According to Usman, building a new port must be based on business models with proper feasibility study that are bankable to attract prospective lenders; it should not be a thing of politics but must be cargo-oriented.

“The rate at which everybody wants to build a deep sea port, if we don’t have commensurate cargoes to service these ports, we would throw good money into bad business and at the end of the day, momentarily, we would have a lot of white elephants fluctuating our maritime domain.

“There is necessity for deep seaports, but the development must have a correlation with cargo projection because a port is all about cargo.

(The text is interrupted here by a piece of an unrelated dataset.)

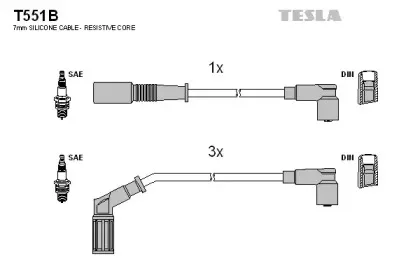 T551B TESLA Комплект проводов зажигания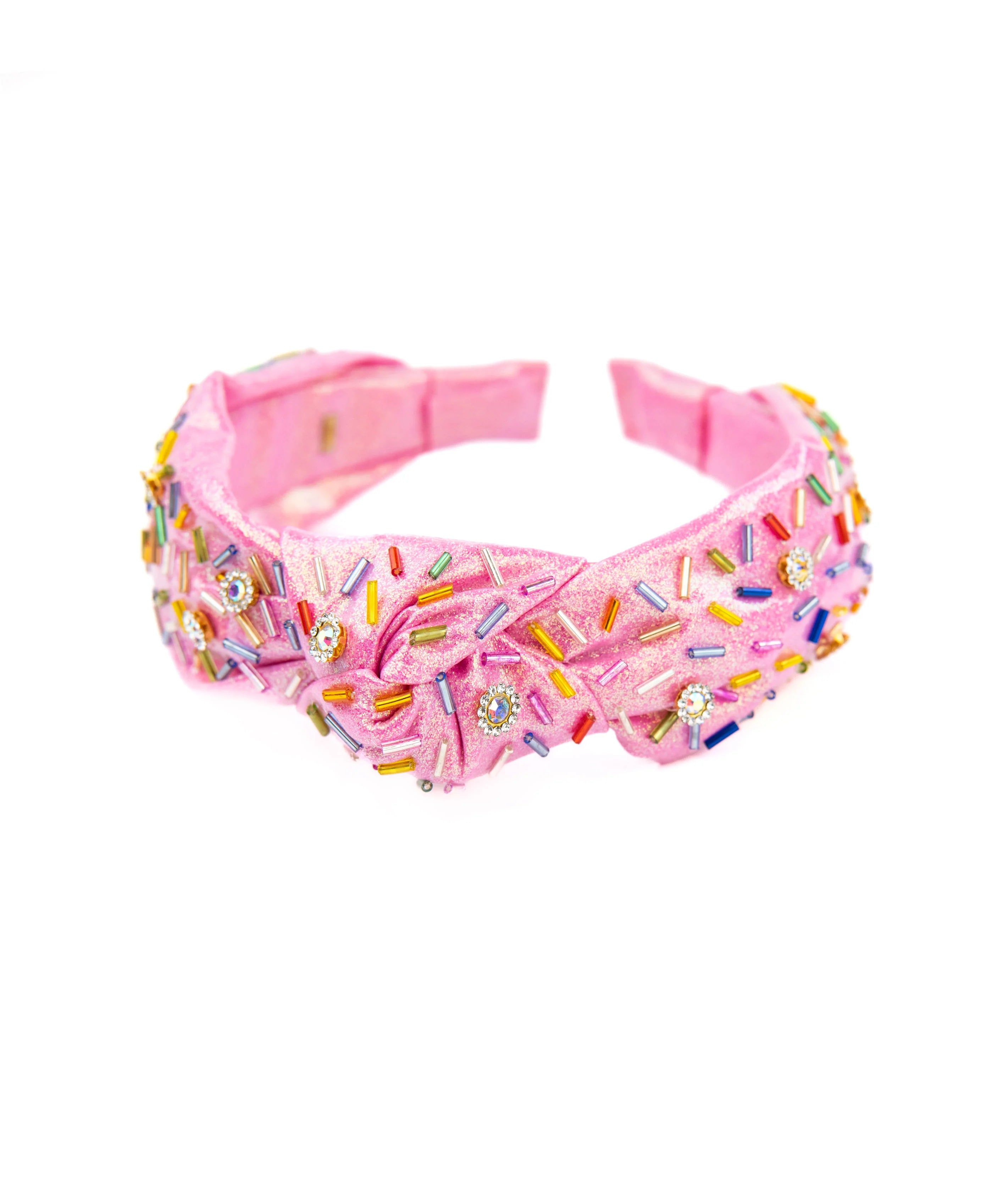 Thin Sprinkle Jewel Knot Headband Pink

If our ambition is beyond the cargo up- take we are expecting now and the foreseeable future, most of those projects may end up failing since there is the need to make projections as well as look at the existing ports and see their berth occupancy and then know exactly what the issues are in terms of their tendencies,” she said.

The NPA boss, who was represented by the General Manager, Monitoring and Compliance, West, Iheanacho Ebubeogu, said: “In building a port that will serve the purpose of maritime logistics, proper feasibility study on the ‘as built designs’ of port infrastructures where ports are built to the designed depth must be done. There is also the need to carry out a proper scientific engineering study to actually identify the proper location of the site in order not to fight nature, as the existing design of ports infrastructures define the maximum depth to accommodate a ship. These will affect the structural strength and the pilings as well as the size of the ships that will call and berth in them. You cannot exceed those parameters and their tolerance and that is why you see the Nigerian Ports Authority emphasizing on ‘as built design’.

While encouraging the maritime cadets not to be daunted with what they see, especially on some of the lapses on the part of government on their favour, the Director-General of the Nigerian Chamber of Shipping, Obiageli Obi charged the participants on the need to be committed to the project.
Convener of the event which attracted maritime institutions in their large number, Sylvanus Obasi, said “If we truly want to solve the challenges of Nigerian maritime students, issues of getting a training vessel for sea time experience and proper accreditation of maritime schools to ensure we don’t have quacks must be revisited and addressed, adding that the issues of developing indigenous shipping capacity to ensure employment for the graduates also requires urgent attention.”